Wichita Falls Junior College, founded in 1922, shared space in the high school before acquiring a forty-acre campus on the south side of the city in 1937. The school became a four-year college, Hardin College, in 1946. In 1950 the institution’s name was changed to Midwestern University; it joined the Texas state system in 1961 and in 1975 was renamed Midwestern State University. The campus now covers 255 acres.

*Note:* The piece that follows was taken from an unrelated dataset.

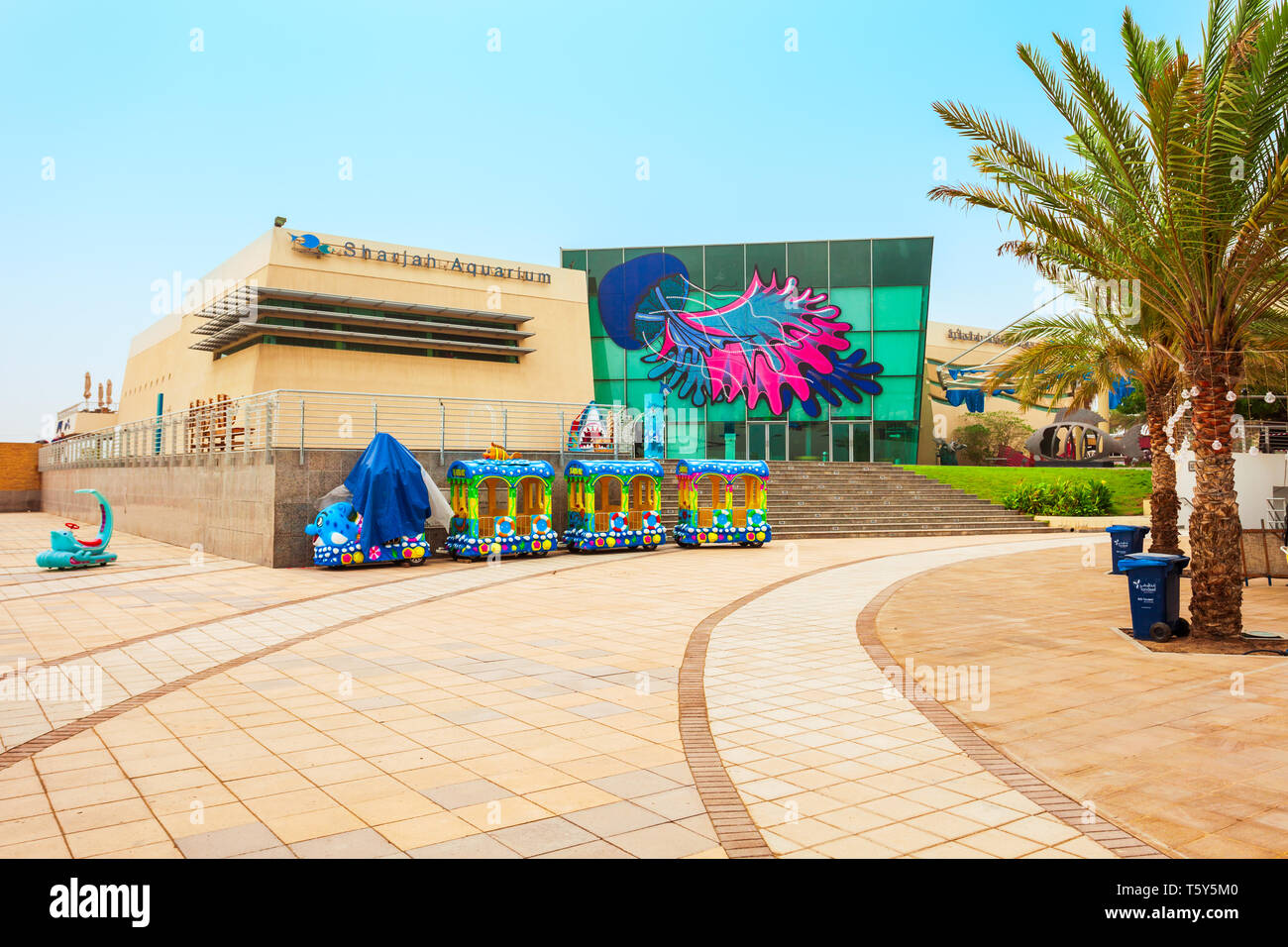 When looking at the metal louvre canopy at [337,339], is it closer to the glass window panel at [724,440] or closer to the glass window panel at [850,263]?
the glass window panel at [724,440]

Hardin Administration Building (1936), the first permanent building on campus, was funded by the Public Works Administration and designed by William B. Ittner of St. Louis with Voelcker and Dixon. The Lombard Romanesque design in orange brick with red tile roofs set the palette that the campus has adhered to over the years. Raking corbel tables are the dominant ornamental detail, and they are applied to new buildings to relate them to Hardin. The square campanile set to one side of the entrance bay has an octagonal lantern with polychrome arches of alternating brick and stone voussoirs. The A. R. Dillard College of Business Administration (2006, Bundy, Young, Sims and Potter) frames the north side of the university’s quadrangle. The building’s large, planar gabled facades have round-arched central windows and raking corbel tables, and projecting wings are joined by arcades of cast-stone columns. Killebrew-Cupit-Rucker and Associates designed the equally imposing D. L. Ligon Coliseum of 1969.
On the south edge of campus is the 9,000-square-foot house designed by Dallas architects Goorwin and Tatum in 1938 for oilman Louis Sikes and his wife, Glenna, on a forty-three-acre site and acquired by the university in 1970 for use as the president’s house. It is an outsized, horizontally elongated Hollywood-Dallas interpretation of Mount Vernon.